Planning For, and Aging Forest Fires of the Boise National Forest
As we walked along with our focus largely on the beautiful trout stream on our right-hand side, we mistakenly missed all the signs we were quickly approaching a sizeable area previously burned in a forest fire.
Suddenly, for as far as the eye could see, there were what seemed to be Lodgepole Pines now pale and largely stripped of their usual towering evergreen-ness. The ground cover was suddenly, and oddly, sparse.
"I wonder when this all burned?" I asked my friend, stopping to wipe my brow. The temperature seemed to have risen 10 degrees in minutes.
Now fully exposed, we stopped for a quick break. We wondered to ourselves, "I wonder how you can tell how long ago a forest fire occurred? Besides memorizing every single fire ever (impossible), we wanted to know how can someone could age the length of time since a fire occurred?
We were very lucky that we did not bring our dogs on this hike, seeing as we were expecting heavy forest cover and the animals would have quickly overheated without any shade.
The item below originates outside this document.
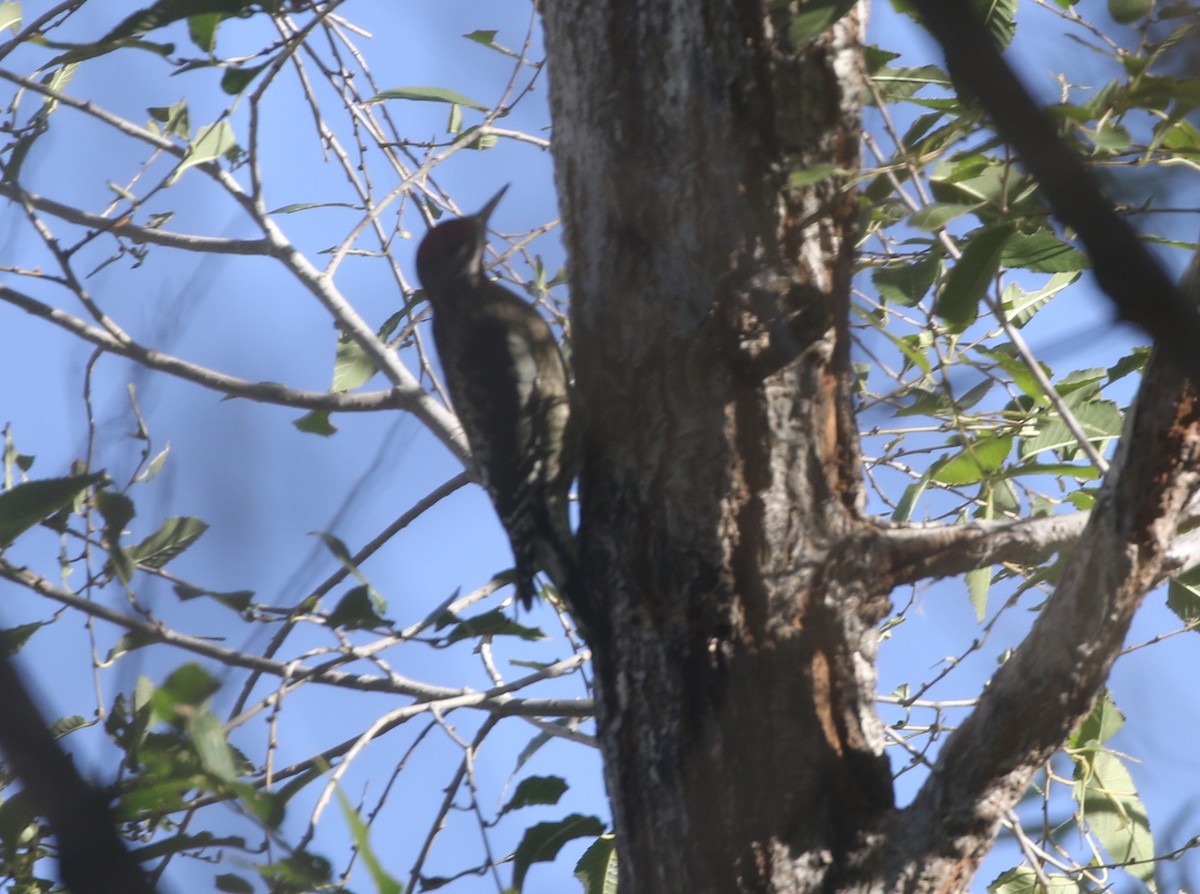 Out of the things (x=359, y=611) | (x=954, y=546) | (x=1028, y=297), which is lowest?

We didn't want that to happen again. So, when we got home, we did some research.
The long and short of it is, the process of aging a forest fire is a highly complicated process involving aging the trees by their rings, and marking the changes in the rings, and then cross-referencing those changes with surrounding trees to draw conclusions about when, and how many fires occurred.
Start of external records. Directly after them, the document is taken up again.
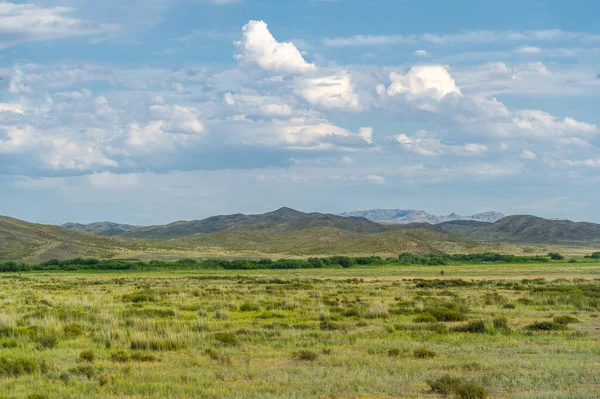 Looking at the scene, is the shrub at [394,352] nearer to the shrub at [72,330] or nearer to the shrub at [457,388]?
the shrub at [457,388]

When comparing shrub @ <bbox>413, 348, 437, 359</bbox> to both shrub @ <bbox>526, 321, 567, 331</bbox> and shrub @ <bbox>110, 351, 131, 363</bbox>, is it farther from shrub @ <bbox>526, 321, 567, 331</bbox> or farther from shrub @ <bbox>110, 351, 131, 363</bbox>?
shrub @ <bbox>110, 351, 131, 363</bbox>

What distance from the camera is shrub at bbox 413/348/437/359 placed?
18.1 meters

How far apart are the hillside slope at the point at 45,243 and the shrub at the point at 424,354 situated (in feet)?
413

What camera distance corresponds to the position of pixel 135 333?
72.6ft

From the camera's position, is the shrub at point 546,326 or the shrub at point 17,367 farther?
the shrub at point 546,326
In Flames In Our Forest: Disaster or Renewal, by Stephen F. Arno, the author notes that it is often possible to discover pre-1900 fires by intensely studying the stumps of trees, even if they have been cut or fell for logging.
While this was fascinating, we quickly decided we would have to narrow our search. We retraced where we were, and jumped on the Boise National Forest website.
There, we found this incredible feature that shows burn areas, by decade, throughout the entire Boise National Forest.
If we had seen this before, we could have known, at least up to 2018, what patches of forest were likely to be suffering from significant fire scarring.
Now, forests recover at different rates, especially depending on the intensity of the fire and the makeup of the forest itself.
While this may not be valuable information to a lot of people, it's VERY valuable information to some people.